You are asked to write out the entries exactly as they are given.

*** Dataset records Section Begins ***

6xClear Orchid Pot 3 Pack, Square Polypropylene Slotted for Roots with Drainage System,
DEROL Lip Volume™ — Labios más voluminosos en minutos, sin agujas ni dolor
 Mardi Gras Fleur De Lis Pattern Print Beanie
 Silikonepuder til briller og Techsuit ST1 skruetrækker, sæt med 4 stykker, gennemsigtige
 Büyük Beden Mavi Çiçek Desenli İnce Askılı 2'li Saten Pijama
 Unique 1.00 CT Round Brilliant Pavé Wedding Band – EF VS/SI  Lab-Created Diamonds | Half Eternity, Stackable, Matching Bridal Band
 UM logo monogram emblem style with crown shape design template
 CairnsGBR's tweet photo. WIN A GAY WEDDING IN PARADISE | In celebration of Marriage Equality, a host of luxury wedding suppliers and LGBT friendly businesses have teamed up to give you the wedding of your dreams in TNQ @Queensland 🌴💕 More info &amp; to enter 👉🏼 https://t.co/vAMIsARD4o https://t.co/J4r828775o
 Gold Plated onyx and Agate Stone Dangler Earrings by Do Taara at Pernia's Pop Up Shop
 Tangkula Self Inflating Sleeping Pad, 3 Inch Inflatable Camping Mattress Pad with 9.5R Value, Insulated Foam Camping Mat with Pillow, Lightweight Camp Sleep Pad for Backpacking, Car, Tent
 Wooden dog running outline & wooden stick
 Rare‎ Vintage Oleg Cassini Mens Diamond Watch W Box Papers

*** Dataset records Section Ends ***

(Response):
6xClear Orchid Pot 3 Pack, Square Polypropylene Slotted for Roots with Drainage System,
DEROL Lip Volume™ — Labios más voluminosos en minutos, sin agujas ni dolor
 Mardi Gras Fleur De Lis Pattern Print Beanie
 Silikonepuder til briller og Techsuit ST1 skruetrækker, sæt med 4 stykker, gennemsigtige
 Büyük Beden Mavi Çiçek Desenli İnce Askılı 2'li Saten Pijama
 Unique 1.00 CT Round Brilliant Pavé Wedding Band – EF VS/SI  Lab-Created Diamonds | Half Eternity, Stackable, Matching Bridal Band
 UM logo monogram emblem style with crown shape design template
 CairnsGBR's tweet photo. WIN A GAY WEDDING IN PARADISE | In celebration of Marriage Equality, a host of luxury wedding suppliers and LGBT friendly businesses have teamed up to give you the wedding of your dreams in TNQ @Queensland 🌴💕 More info &amp; to enter 👉🏼 https://t.co/vAMIsARD4o https://t.co/J4r828775o
 Gold Plated onyx and Agate Stone Dangler Earrings by Do Taara at Pernia's Pop Up Shop
 Tangkula Self Inflating Sleeping Pad, 3 Inch Inflatable Camping Mattress Pad with 9.5R Value, Insulated Foam Camping Mat with Pillow, Lightweight Camp Sleep Pad for Backpacking, Car, Tent
 Wooden dog running outline & wooden stick
 Rare‎ Vintage Oleg Cassini Mens Diamond Watch W Box Papers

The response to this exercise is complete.